Beitrag von AnSchle »

Ja klar weidenfee. Was meinst du woher mein Knopf kommt?
Geerbt. Und auch mein Papa hatte den geerbt. Und wusste es.
Er hat mich genau einmal geschlagen und das sein Leben lang bereut, aus maximaler Überforderung, ich war im Hochwasser abgehauen, kiga-alter, stundenlang gesucht, schon als ersoffen gesehen.
Er war kein feingeist, eher ruppig, an pädagogischen zeug uninteressiert.

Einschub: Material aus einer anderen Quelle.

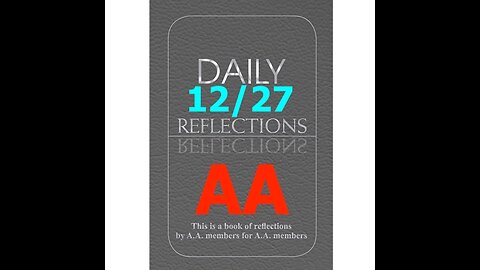 December 27 – AA Meeting - Daily Reflections - Alcoholics Anonymous - Read Along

Aber ihm war klar was ne laute männerstimme oder gar hand einem Kind antut, und je älter ich wurde, desto besser konnten wir darüber reden, auch Eltern haben Grenzen und Fehler, das hilft mir heute noch.

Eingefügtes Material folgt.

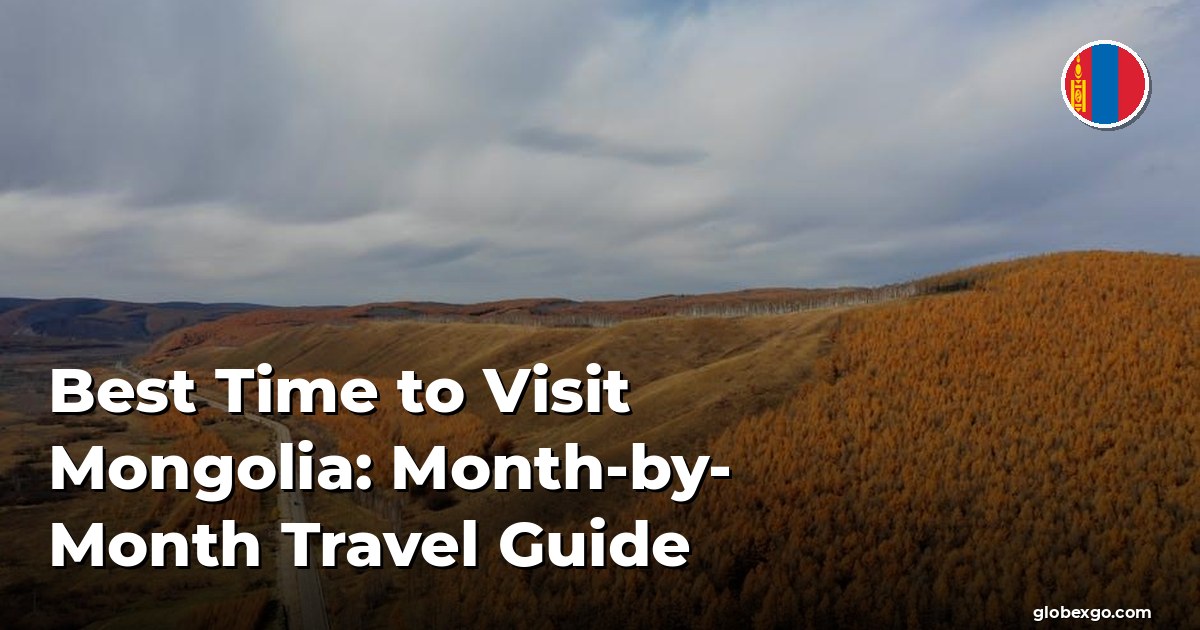 Best Time to Visit Mongolia: Month-by-Month Travel Guide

Meine Oma, AE, war oft mit ihm überfordert, hat auch gebrüllt, und mehr als einmal geschlagen, auch sie erkannte den Fehler, schon noch in seiner Kindheit.

Viel schlimmer als schlagen/brüllen/... ist doch wenns dem Täter egal ist danach.

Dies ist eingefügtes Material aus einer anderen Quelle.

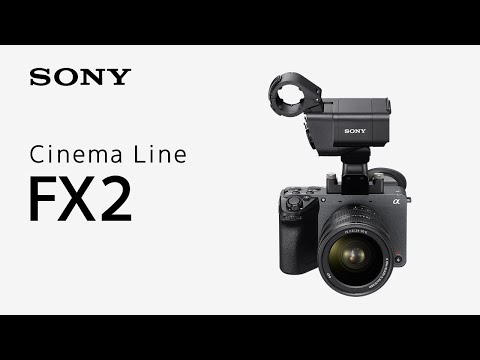 Introducing the Sony FX2 Cinema Line Camera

Bisher hat mein Ventil funktioniert, aber hey, das mutterding mach ich noch keine zwei Jahre. [emoji13]
Ich habe aber auch noch nie einen meiner Azubis angebrüllt und die waren auch oft grenzgänger und kaum auszuhalten...

Wichtig ist, wenn es passiert ist, darüber zu reden, das nimmt viel vom verteilten schmerz weg, sich entschuldigen und damit klar machen wer den Fehler gemacht hat.
Kinder nehmen sich so viel an, beginnen an sich und der Liebe zu ihnen zu zweifeln und der Kreislauf geht weiter.

Nur allein das Wissen um den Mechanismus bricht ja nicht mit dem was seit Generationen gemacht wurde.
Es sitzt ja viel tiefer in uns als das Gehirn.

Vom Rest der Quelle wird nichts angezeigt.